In the German Version of Common Voice the Wikipedia import has happened in 2019 and the Europarl import in early 2020. Since then, hundreds of hours have been recorded. But in the last months it looks like the number of very hard to pronounce sentences has increased a lot, especially sentences with many foreign words or hard to pronounce names are coming all the time right now.

My theory is that over time most easy sentences have been recorded and only the hard ones (that have been skipped several times) are left. I believe this is a problem because it demotivates donors.

Here are a few examples collected in just a minute. They are all corect German sentences, but hard to pronounce for many donors:

Auch die Seychellen beanspruchten einen Teil der Îles Éparses vor dem France-Seychelles Maritime Boundary Agreement.

Alice wurde in „Bromont” in der Nähe von Newburg, Charles Company, Maryland, geboren.

Dieses Verständnis wurde Sabellianismus und modalistischer Monarchianismus genannt.

Do we need a feature that removes sentences that have been skipped too often?
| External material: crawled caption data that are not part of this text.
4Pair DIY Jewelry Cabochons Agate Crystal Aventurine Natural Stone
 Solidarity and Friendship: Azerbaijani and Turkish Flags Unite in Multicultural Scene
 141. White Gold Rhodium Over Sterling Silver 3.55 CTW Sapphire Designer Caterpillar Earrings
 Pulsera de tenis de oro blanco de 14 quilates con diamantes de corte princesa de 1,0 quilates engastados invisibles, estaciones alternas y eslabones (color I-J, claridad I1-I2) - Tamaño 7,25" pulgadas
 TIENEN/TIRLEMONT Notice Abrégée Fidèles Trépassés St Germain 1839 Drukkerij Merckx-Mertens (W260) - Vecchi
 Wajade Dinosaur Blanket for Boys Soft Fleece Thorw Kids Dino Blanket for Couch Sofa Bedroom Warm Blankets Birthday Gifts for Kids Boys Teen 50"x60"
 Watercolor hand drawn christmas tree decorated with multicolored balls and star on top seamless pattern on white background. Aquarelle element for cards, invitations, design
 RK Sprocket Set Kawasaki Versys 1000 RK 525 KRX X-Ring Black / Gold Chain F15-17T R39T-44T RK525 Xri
Should we remove these sentences manually? Should we simply import more sentences via the sentence collector? What do you guys think about this?


I think it’s a great idea to “retire” sentences that have been skipped too often. Perhaps a threshold of 10 skips or so? Removing them is probably not a good idea, because maybe someone has recorded them. Also it might be useful information for any future classifier.

It’s also a good idea to add more sentences of course.

Yes, it’s a good idea. And we need a way to get the number of sentences pending to record, too.